In last instance, wrapping up this project may lead us towards more questions than what we proposed at the beginning itself. Our project focused on the initial question: “how long is a longform?” and inevitably, we verted towards the investigation of the elements that define it, in order to analyse the possibilities behind them and the flaws that may arise. Two points of view guided our research: “how is the canonical format being displayed?” and “how is the INC dealing with its own longforms?”
The problematics we found common to both may be summarised in: building readership, multimedia interaction, level of experimentation, and regime of distraction.
In analysing some online articles (from The Verge, Pitchfork, etc.), we notice that the styles chosen are directed related to a fundamental editorial decision: how much text do we think our readers can take at a glance, without feeling too discouraged?
As previously stated, the length of a longform can vary, but it being finite and so enriched with multimedia elements, the reality is that the words count is not as dramatically high as it looks. Still, there’s a specific style guiding the format of each longform showcasing a deeper understanding and strategy behind the length of the text and the multimedia intrusion that keeps in mind its audience. Building a community around this specific format sounds more challenging in comparison to blogging in 400 max about any given topic, so that finally it takes a focused campaign act to address those who are actually interested in the topic more than the format — but can still handle both.
Although keen on thinking that the best longform is also the one that has more interactivity, the reality of things might be quite different. It is undeniably true that a well presented and extraordinarily built article might be visually pleasing, but the amount and the nature of its multimedia objects must reflect the nature of the topic. One example is given by our own longform on Digital Comics, that must of course carry within it visual examples and a higher level of interaction in comparison to other longforms. The methods of building an article not only change, but also require a deeper knowledge of the platform chosen for publishing. Can it sustain the amount of interactivity? Does it require maintenance? Does it involve the use of further plugins? Is the amount of work necessary to publish worth the shot?
Level of Experimentation
If all the above questions have led to a loud “YES”, then it is possible to get out of the comfort zone of WordPress For Free and actually involve a designer. Though, the more complicated a longform becomes, the more difficult it is to handle it. New problematics arise: how does it respond to multiplatform testing? What is the impact when digested by read-later apps? Does the longform disrupt the experience of the user when changing tabs?

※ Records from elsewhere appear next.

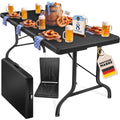 buffettisch tisch klappbar kunststoff 183x76cm rattan optik campingtisch partytisch klapptisch gartentisch 6 personen garten terrasse balkon zusammenklappbar inkl tragegriff schwarz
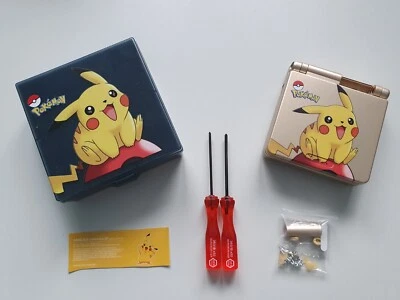 MARKENLOS Gameboy Advance SP Case Hülle Gehäuse | Pikachu Edition mit Box NEU | IPS ready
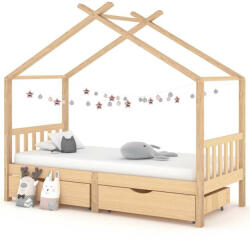 vidaXL Fenyőfa Gyerekágy - Faház - 90x200 cm (VD322147)
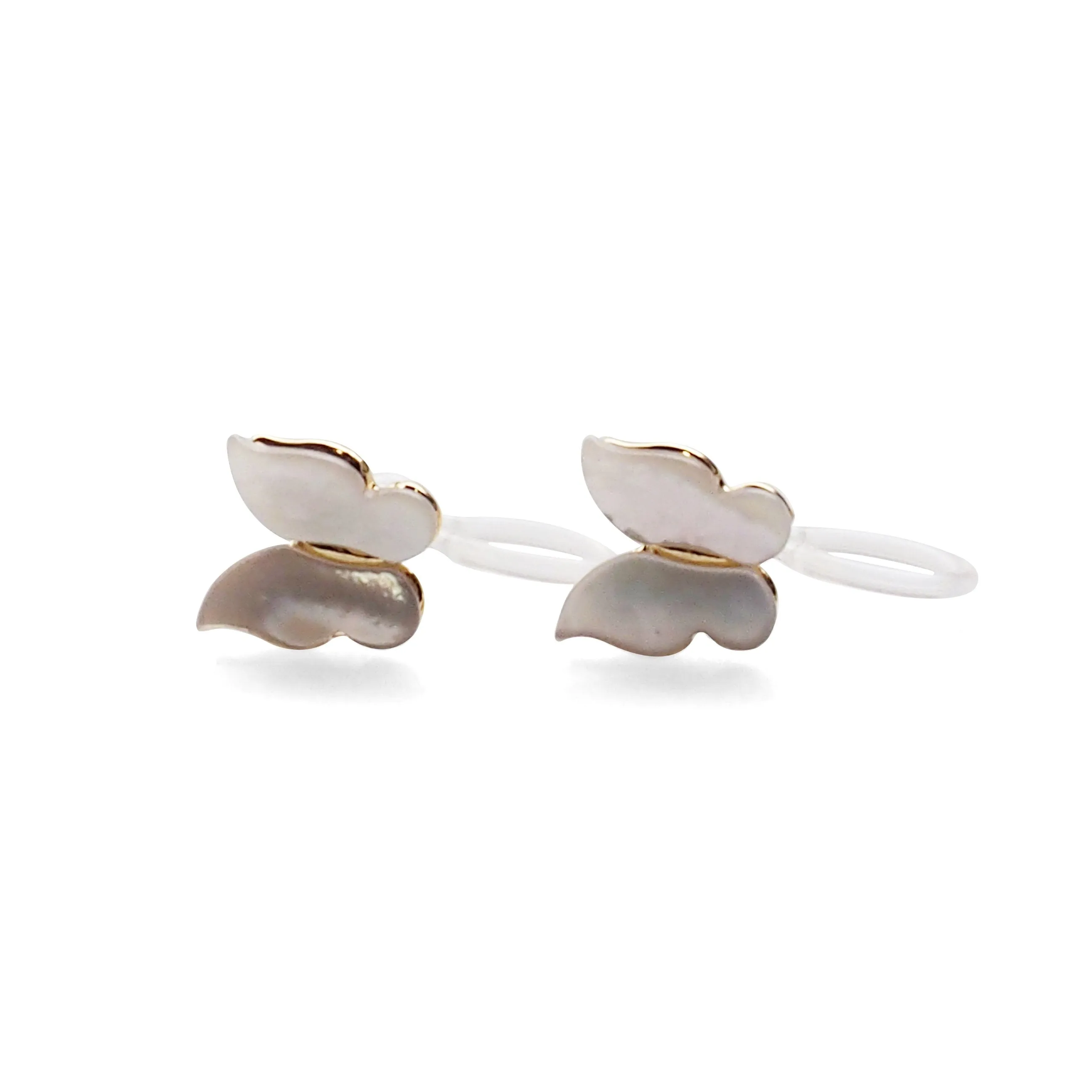 Mother Of Pearl Butterfly Invisible Clip On Stud Earrings (Gold tone)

‘With greatest powers, greatest responsibilities’ said the wise, but also greater amount of doubts. Instead of trying to adapt the text to its multimedia frame, it is fundamental to strategize in time. One way to experiment more wisely is to start anew by keeping in mind the design and only after provide a style guide to the author. In this case, problematics as excess of words in a page, or exaggerated use of multimedia will not arise: a clear style, a consistent format and a guided creation will make easy for the longform to be put in place even before its content has come to life. The medium is somehow dictating a direction, and the screen holds an undeniable power, until the experimentation manages to overcome its borders.
Regime of Distraction
Finally, the real demon in the house. The platform is built, the content is in place, the multimedia disruption is kept to a minimum (or a maximum, if that’s the choice), and the community is voraciously waiting to be fed with some spectacular experience. How to make sure they stick around, though?
Our research has taken into account all the problematics here discussed, but has come to a conclusion that the distractive experience of an online user is discouraging from writing a longform. The wish to write a better article, to present a nicer layout, and to attract the right audience, all come to having to deal with the annoyance of continuous notifications. Emails, texts, music, snack/nap break, gaming urge, etc. all lead us away from what we are reading, sometimes even leading to read something else.
The trick is then not to try to convince the readers to stick around as much as tempting them to come back.
Given this short analysis of what it takes to make a longform being brought to life, it is fundamental to think from a publishing point of view. As a reader it can be all fun and interesting to sporadically approach a long read when in the mood for a dose of highly cultivated and informative text, but as a publisher one must ask: at what price?
The claims around a low appreciation for long texts actually hides a much more worrying idea: that a valuable longform needs an insightful text, a committed team of professionals, and a dispendious platform.